3 saatten fazla süren söyleşide onlarca soruya çok faydalı yanıtlar aldık. Son
olarak, bu yanıtlardan dikkatimizi en çok çekenleri (“korkunç gerçekler”
başlığıyla da yazılabilir) sıralayalım:
- Maalesef İstanbul’da kendi bahçenizde organik tarım yapmak, topraktaki ve havadaki ağır metaller yüzünden mümkün değil.
- Marketlerde satılan paket dondurmalardan uzak durmaya çalışın. Dondurma diye yediğimiz şey aslında su, şeker ve gıda boyasının bir karışımı.
- Çiftlik balığı değil deniz balığı tüketmeye çalışın.
- Kuruyemiş alırken bilindik, isim yapmış markaları tercih edin. Mahallenizdeki çerezcinin deposunun hangi koşullarda olduğunu asla bilemezsiniz.
- Zamanında bile olsa çilekten uzak durun, çünkü bünyesinde en çok hormon barındıran gıdalardan biri.
- “Himalaya tuzu”, “Maydanoz balı” gibi ürünlere hemen atlamayın. Çoğu pazarlamayla fiyatı şişirilen ürünlerden başka birşey değil.
- Dana eti yerine kuzu tercih edin; kuzu yapısı itibariyle hormonla şişemeyen bir hayvan, aksine 4 aylık bir danaya hormon yükleyerek 1.5 tona çıkarmak mümkün.
- Garip bir durumla karşılaştığınızda Alo 174 Gıda Hattı’nı arayın.
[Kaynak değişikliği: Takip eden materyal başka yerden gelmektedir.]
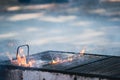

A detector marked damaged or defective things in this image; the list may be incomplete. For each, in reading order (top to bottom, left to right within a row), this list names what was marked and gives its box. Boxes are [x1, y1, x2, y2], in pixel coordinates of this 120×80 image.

rusty grill body [0, 51, 120, 79]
- Yapımı basit olduğu için yoğurdunuzu evde yapmaya çalışın. Günlük sütler, yoğurt yapımı için gayet uygun.
- Evinize damacana su alıyorsanız sipariş verirken damacananın yeni tarihli olmasını talep edin. Uzun süre kullanılan damacanalar bünyesinde kimyasal maddeler üretiyor.
BuGusto'yu kırmayıp Nazilli'den kalkıp gelen Pınar Kaftancıoğlu'na bir kez daha teşekkür ediyoruz.